3. The digital asset must not be a stablecoin or categorized as a meme coin as determined by CDI.
4. The digital asset must have been listed on an Eligible Exchange for a minimum of 30 days.
Next, the top 20 digital assets from the Index Universe are ranked by market cap to determine Selection Universe before the constituents are chosen. Five to 10 digital assets are included from the Selection Universe by their median daily value traded and median market cap, where higher thresholds are required for non-constituents than for incumbent constituents. The median daily value traded and median market cap values need to be greater than or equal to 1.2 times the 30-day median for non-constituents, and constituents need to have greater than or equal to the 30-day median for constituents. Non-constituents must be on Watchlist by passing all eligibility criteria for one quarter ahead of the quarter a digital asset may be added to the index.

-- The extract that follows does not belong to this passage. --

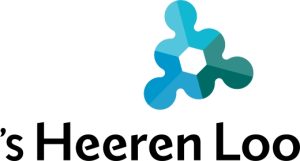 ’s Heeren Loo Julianadorp bouwt inhuur zzp’ers af door strengere regels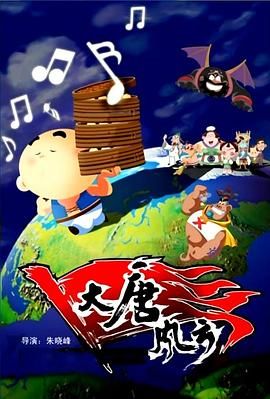 懂色av一区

While the selected assets may be weighted in various ways including by market cap, equally weighted or risk weighted, the market cap weighted results generally maintain the sector exposures in proportion to the broad set of digital assets. The process in narrowing the universe from 500 digital assets assigned in DACS to currently 150 digital assets in the CoinDesk Market Index (CMI) and further to the current set of 28 assets in the Select Sectors enables investors to access the market beta with relatively few assets. Because the digital asset market is still emerging and highly concentrated, the set of fewer assets covers most of the market cap with just over 5% (28 digital assets) of assets covering nearly 75% of the entire market cap.
The incredible growth in digital assets beyond bitcoin has created numerous investment opportunities across the new economy. However, finding those investment opportunities in the sea of digital assets requires a deep understanding of use cases and technology combined with expertise about Investability. Narrowing the digital asset universe by pricing availability, liquidity, exchange and custodial requirements is critical to determine which digital assets are appropriate for quality investors. The methodical practices developed to organize the digital asset universe and select the largest and most liquid constituents representing the asset class and its sectors may help investors throughout their investment processes.
** Real-time “spot” reference price rates for constituent digital assets are calculated approximately every 5 seconds by CDI using a volume weighted average price (VWAP) across at least two contributing exchanges over the prior 60 minutes.